Crofting Legislation

Crofting regulation is underpinned by Crofting legislation, mainly the 'Crofters (Scotland) Act 1993' and the 'Crofting Reform (Scotland) Act 2010.'

Obtaining a croft

Assignation of Croft Tenancy:  The tenant of a croft is entitled to transfer (assign) the tenancy of the croft to another individual, subject to the approval of the Crofting Commission.

Transfer of Ownership:  Where a croft has been purchased by the tenant from a landlord, the new owner of the croft is normally defined as an owner-occupier crofter. An owner-occupier crofter does not require the consent of the Crofting Commission to transfer the ownership of the croft, but a new owner is legally obliged to inform the Crofting Commission of the change in ownership.

Vacant Crofts: A number of purchased crofts do not fall within the statutory definition of an owner-occupied croft and are legally vacant. In such situations the Crofting Commission can require the owner of the vacant croft to let the croft to a tenant. It is important to ascertain the status of a croft before any transfer.

What are my rights and responsibilities as a Crofter?

All crofters, both tenant and owner-occupier crofter, are legally required to comply with Statutory Duties, relating to residency and management of their crofts. This is something that many prospective purchasers may not be clear about but should be aware of in advance of any purchase. These duties are:

  • A duty to be ordinarily resident on, or within 32km (20 miles) of their croft
  • A duty to cultivate and maintain their croft or put it to another purposeful use
  • A duty not to misuse or neglect their croft

Where a Crofter fails to comply with their duties, the Crofting Commission can investigate the breach of duty and take enforcement action. This can result in the termination of a Croft tenancy, or in the owner occupier situation, the requirement to let the croft, if not resolved.

What does 'ordinarily resident' mean?

A crofter must live on the croft or within 32km of their croft. A crofter who does not reside on the croft or within 32km is considered to be in breach of their residency duty.
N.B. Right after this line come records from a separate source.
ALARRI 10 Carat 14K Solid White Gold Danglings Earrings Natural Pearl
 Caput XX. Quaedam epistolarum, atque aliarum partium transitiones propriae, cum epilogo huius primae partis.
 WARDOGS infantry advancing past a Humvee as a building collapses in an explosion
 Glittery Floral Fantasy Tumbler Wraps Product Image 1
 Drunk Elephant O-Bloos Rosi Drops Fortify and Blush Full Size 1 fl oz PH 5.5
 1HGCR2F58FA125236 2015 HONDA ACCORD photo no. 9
What does ‘cultivate’ mean?

All crofters must cultivate their crofts or else put them to 'purposeful use’. "Cultivate" is essentially agricultural use. This includes "the use of a croft for horticulture or for any purpose of husbandry, including;

  • the keeping or breeding of livestock, poultry or bees
  • the growing of fruit, vegetables and the like
  • the planting of trees
  • use of the land as woodlands.”

What does 'purposeful use' mean?

A croft can also be put to another purposeful use, with the consent of the landlord or Crofting Commission. "Purposeful use" means any planned or managed use, which does not adversely affect the croft, the public interest, the interests of the landlord, or the use of adjacent land, which will not prevent the croft from being used for cultivation in the future.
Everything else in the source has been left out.